Originally posted on the Harvard Business Review
While the globe grapples with uncertain economic realities, "mobile" appears to be gold.
Facebook is expected to announce their uniquely targeted mobile advertising model before the end of the month. Amazon is talking to Chinese manufacturer Fox Conn with ambitions of building their own mobile device to serve as a complement to Amazon's considerable digital ecosystem of products and services. China itself has surpassed the US as the world's dominant smartphone market with over a billion subscribers and roughly 400 million mobile web users. Advisory firm IDC predicts that by 2014 there will have been over 76 billion mobile apps downloaded resulting in an app economy worth an estimated thirty five billion in the same year. Mobile business will become big business in the not so distant future.
However, there will be blood as the business world pursues the mobile gold rush.
We've seen this movie before. In the early days of the web, it was the website that created a browser-fueled gold rush — until organizations realized that maintaining a website that provided real value was more difficult than launching something quickly. The same story is now playing out in social — getting something launched on Facebook, Twitter or Pinterest is easy, but building an engaged and meaningful following isn't. And the same will happen in the rush to mobile if companies take a "channel" approach vs. a behavioral approach. In short, it's not about mobile as much as it is about understanding mobility.
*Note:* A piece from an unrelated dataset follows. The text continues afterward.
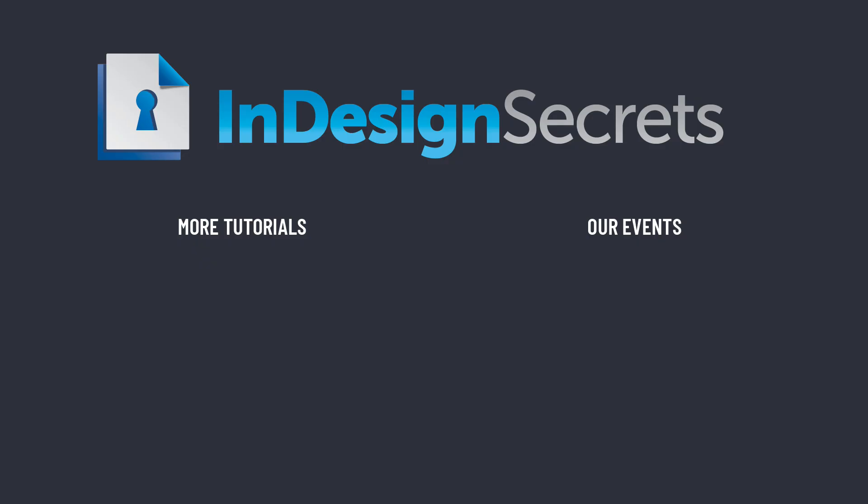That's my quick tip for today. And if you want more like this, there's thousands more at the InDesignSecrets.com website.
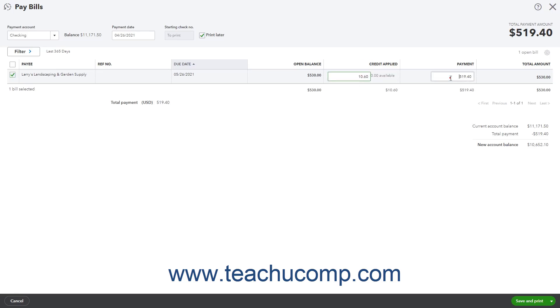The Payment column shows how much is paid from the Account Selected from the Payment Account drop-down at the top of the window.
In the early days of digital, the core behavior we needed to understand was that people wanted information at their fingertips and the convenience that came with digital transactions. In the social era it was all these things plus social connectivity. Mobility means information, convenience, and social all served up on the go, across a variety of screen sizes and devices.
Mobility is radically different from the stationary "desktop" experience. In some cases, mobility is a "lean back" experience like sitting on a commuter train watching a video. In other cases it can be "lean forward" — like shopping for a gift while you take your lunch break at the park. And in many cases, it's "lean free" when your body is in motion, or you're standing in line scanning news headlines or photos from friends while you wait for your turn to be called.
Mobility trumps mobile. The difference between mobility and mobile is like the difference between hardware and software. Mobile is linked to devices — it is always one thing, wherever it is. But mobility changes with context: cultures incorporate mobile technologies differently. For example, in Africa, SMS technology helps farmers pay bills electronically. In America, it helps teenagers keep up with their friends — an average of 60 times a day. Mobile itself is the nuts, bolts, and infrastructure, while mobility is the context which determines if it all works together or doesn't.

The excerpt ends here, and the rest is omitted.